── Given data

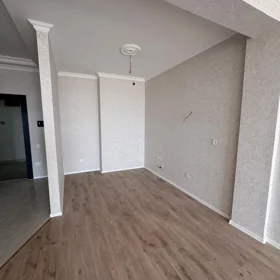 In Sumgayit 77.0 m² apartment is for sale - Image 2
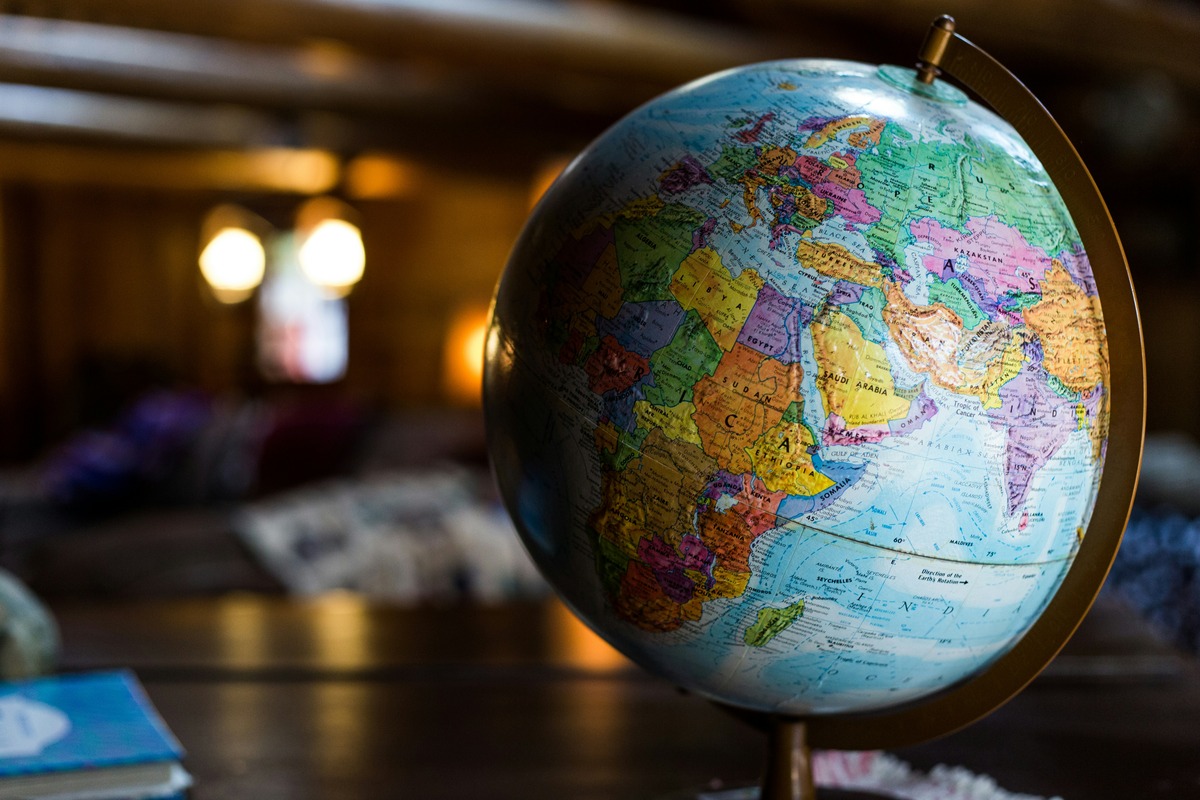 Ethics-in-Multinational-EU-Research-Projects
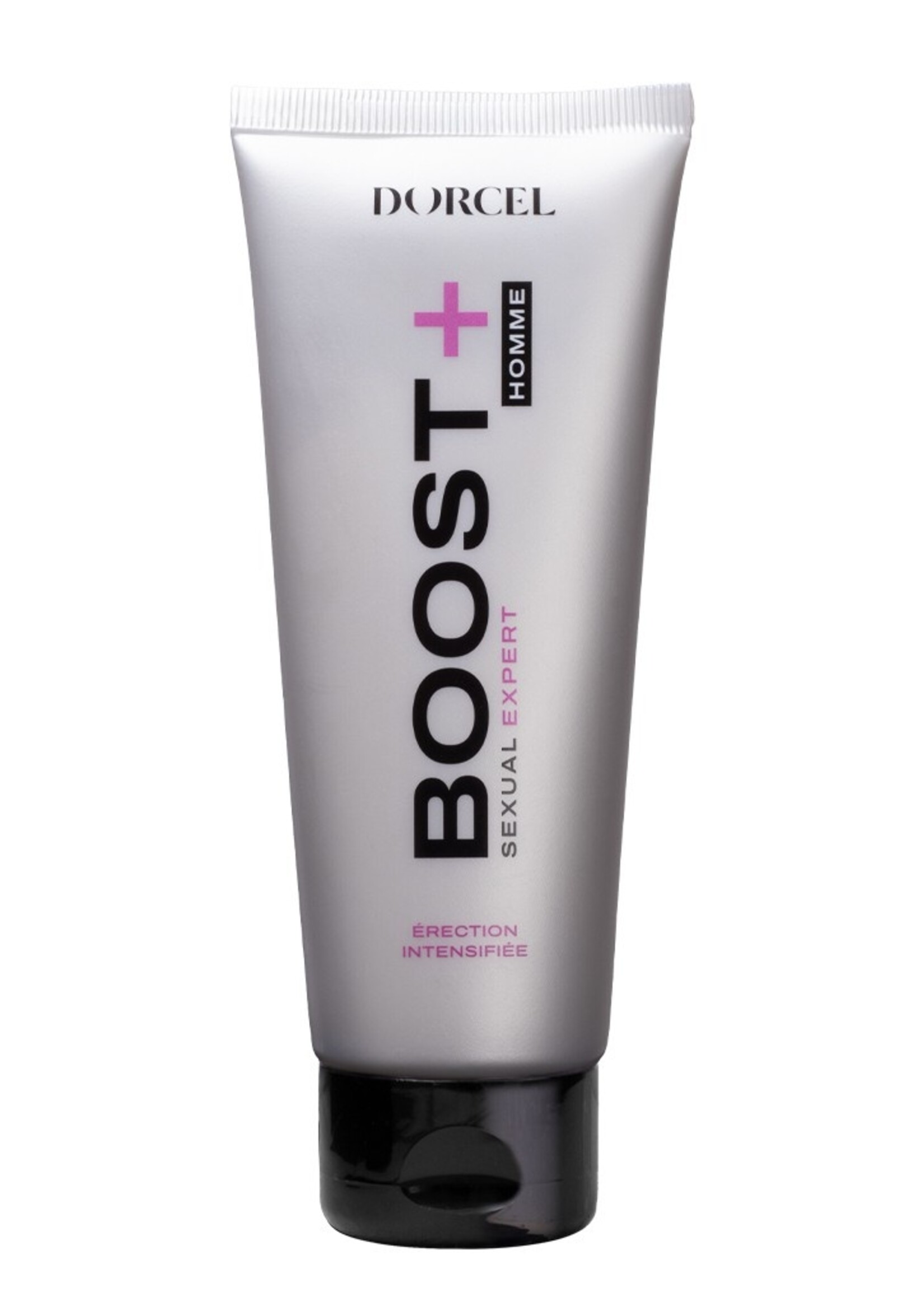 Dorcel BOOST+ crème de stimulation pour homme - 100 ml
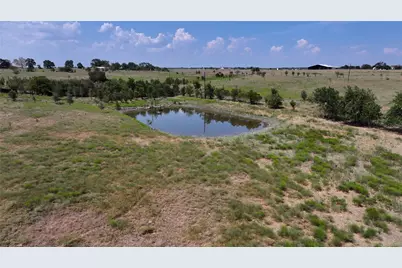 Tract 4 Guenther Road, La Grange, TX 78945 - Photo 26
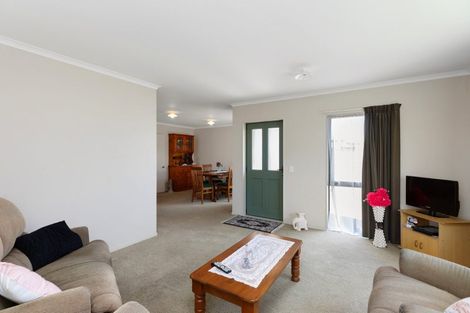 Photo of property in 20a Kesteven Avenue, Parkvale, Tauranga, 3112
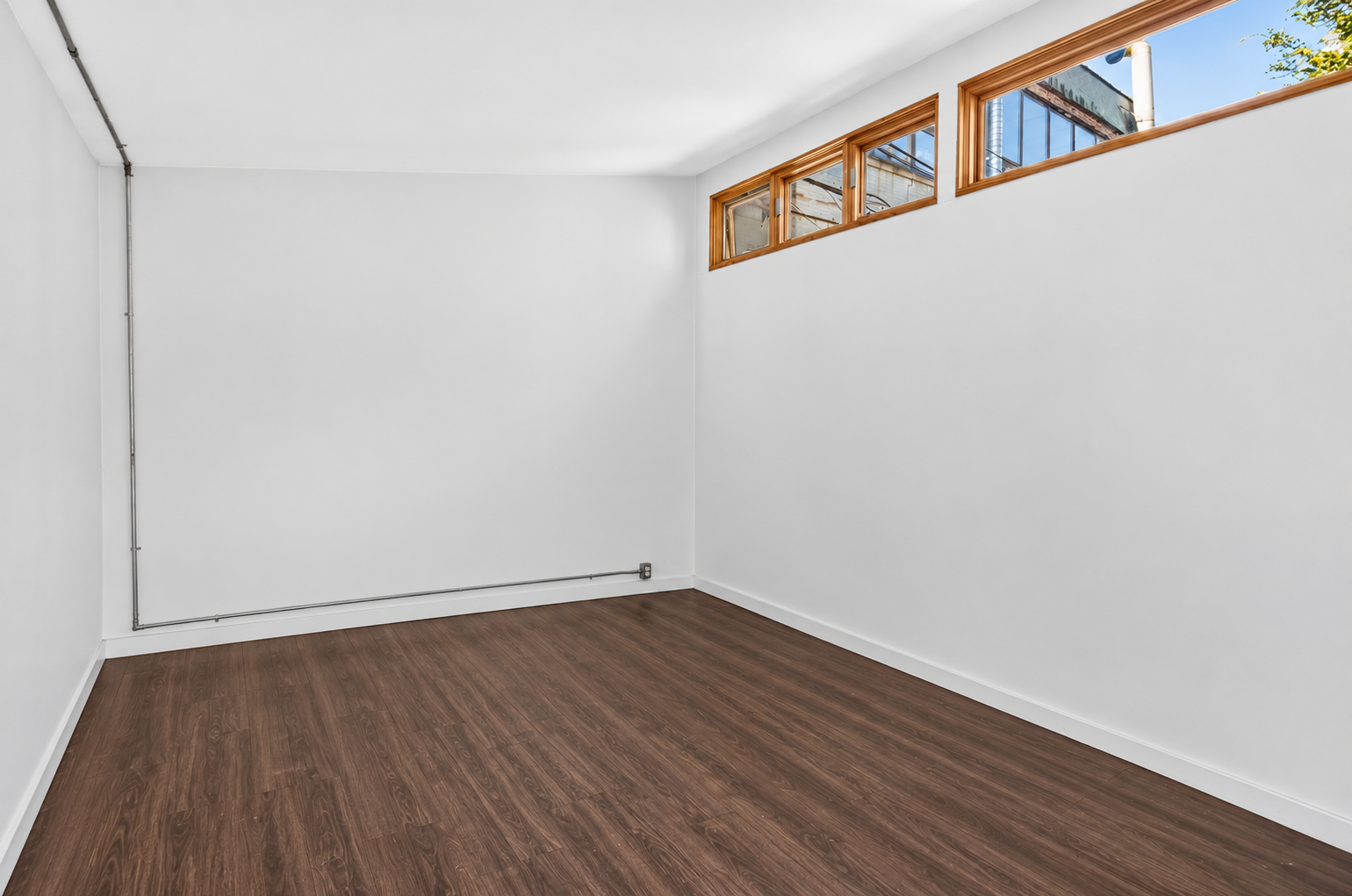 144 11th Street Gowanus Brooklyn NY 11215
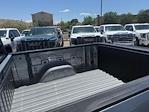 2025 GMC Sierra 1500 Crew Cab 4WD Pickup for sale #N03844 - photo 15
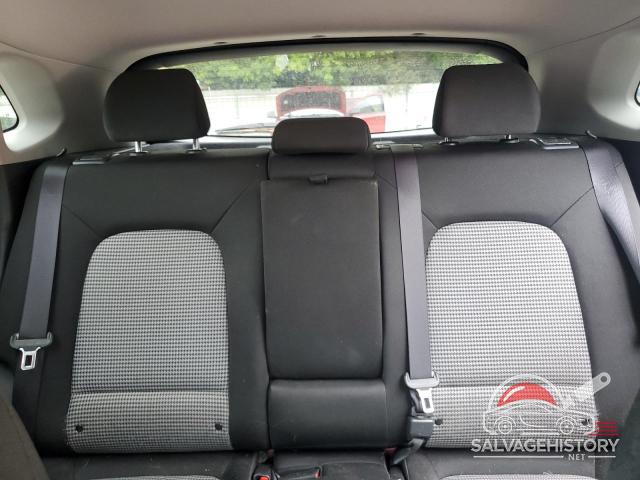 KM8K62AA4MU692946 2021 HYUNDAI KONA photo no. 10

────

## Work to complete
Verbatim output, no pictures: the line holding "Tract 4 Guenther" and all lines after it through the last line of the material, with nothing else.

## Answer to the exercise
 Tract 4 Guenther Road, La Grange, TX 78945 - Photo 26
 Photo of property in 20a Kesteven Avenue, Parkvale, Tauranga, 3112
 144 11th Street Gowanus Brooklyn NY 11215
 2025 GMC Sierra 1500 Crew Cab 4WD Pickup for sale #N03844 - photo 15
 KM8K62AA4MU692946 2021 HYUNDAI KONA photo no. 10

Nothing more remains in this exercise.